Non solo un film di mostri extraterrestri: è una commedia gustosissima, tutta strizzate d’occhio e citazioni. David Duchovny fa il verso con divertito umorismo al suo personaggio di Fox Mulder in “X-Files” (solo che Mulder non avrebbe mai potuto mostrare il culo nudo ai militari in segno di spregio); Orlando Jones non è meno spiritoso nel parodiare la rappresentazione dei negri nel cinema americano d’oggi; poi ci sono il super-demenziale Seann William Scott, Julianne Moore che in versione “comedy” riesce benissimo (altro che “Hannibal”!) e una comparsata di Dan Aykroyd, attore-feticcio di Reitman, come sboccato e iracondo governatore dell’Arizona. Scorre lungo questo film uno spirito anarchico e demenziale che scalda il cuore. Vedi per esempio la scena esilarante dell’“operazione” di Orlando Jones per estrargli un insetto alieno, un incrocio fra la chirurgia a freddo, la sodomizzazione e il parto, coi compagni a fianco del lettino a confortarlo - scherzo sulla sodomia che tornerà rovesciato e ingigantito nello strepitoso finale, un grandissimo esempio di cinema rabelaisiano.
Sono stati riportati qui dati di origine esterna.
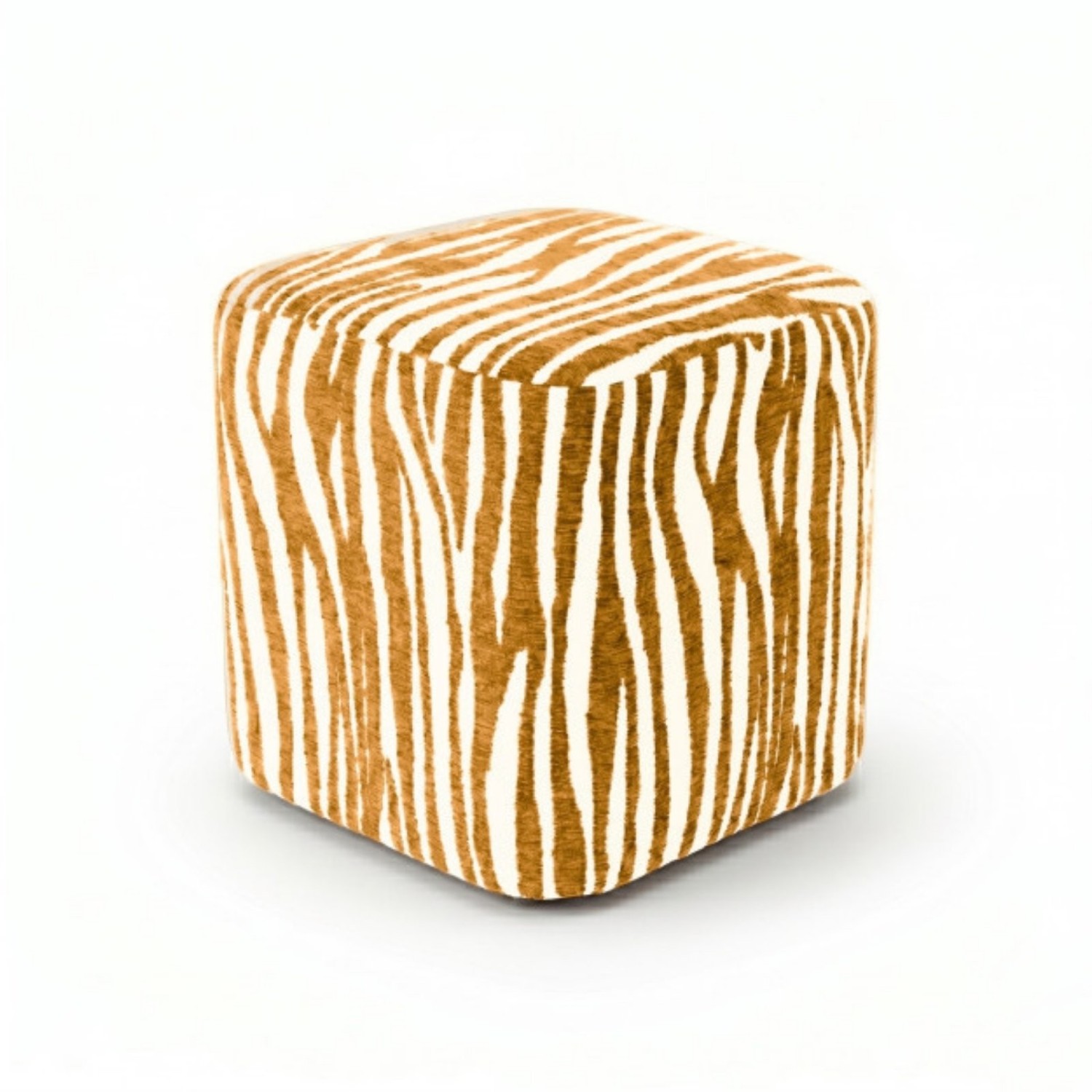 Pouf Kube Safari moutarde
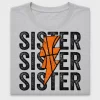 Basketball Sister Lightning DTF Transfer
Nella diseguale carriera di Ivan Reitman, “Evolution” è un punto alto: il suo miglior film dopo “Ghostbusters” (meglio anche dell’intelligente “Dave - Presidente per un giorno”). Del resto fra i due film c’è un legame netto, anche se Reitman non ha più come sceneggiatore Harold Ramis. “Evolution” fa per la fantascienza quello che “Ghostbusters” aveva fatto per l’horror, anche qui
mettendo in scena un trio di salvatori scassati in opposizione alla potenza delle forze dell’ordine ufficiali.
Potremmo dire che Reitman ha sempre sottolineato una morale americanissima, vagamente alla Frank Capra, del “piccolo uomo” che si sputa sulle mani e combatte (e vince) coi suoi poveri mezzi.
Si potrebbe ben parlare di Kevin Kline che in “Dave”, arrivato alla Casa bianca come sosia e controfigura del Presidente, “mette le cose a posto” (davvero come in una commedia di Capra o di Gregory La Cava), o dell’improbabile equiparazione fra Arnold Schwarzenegger e Danny De Vito ne “I gemelli”. Ma come dimenticare “Ghostbusters”, quando si materializzava sul tetto del grattacielo una potentissima dea sumerica del male (roba che chi scrive sarebbe scappato di corsa a telefonare a Max Von Sydow) e i tre protagonisti non sapevano bene come fare ma partivano all’attacco lo stesso, al grido di “Facciamo vedere alla tr... preistorica come lavoriamo noi dell’assessorato!”. E la loro vittoriosa arma finale - quel gigantesco pupazzo vivente fatto di chewing-gum o marshmallow o che so io - era l’evocazione dello Spirito Americano contro i cattivi spiriti del passato.
Sembrerà strano, ma in “Evolution” accade esattamente lo stesso. Dove l’esercito degli Stati Uniti non solo fallisce ma peggiora la situazione, arrivano al salvataggio le armi più quotidiane del “piccolo uomo”: un carro dei pompieri, cui manca solo il dalmata come mascotte, e un mucchio di flaconi di shampoo. Bastano per dire: questo pianeta è nostro: l’evoluzione spetta a noi.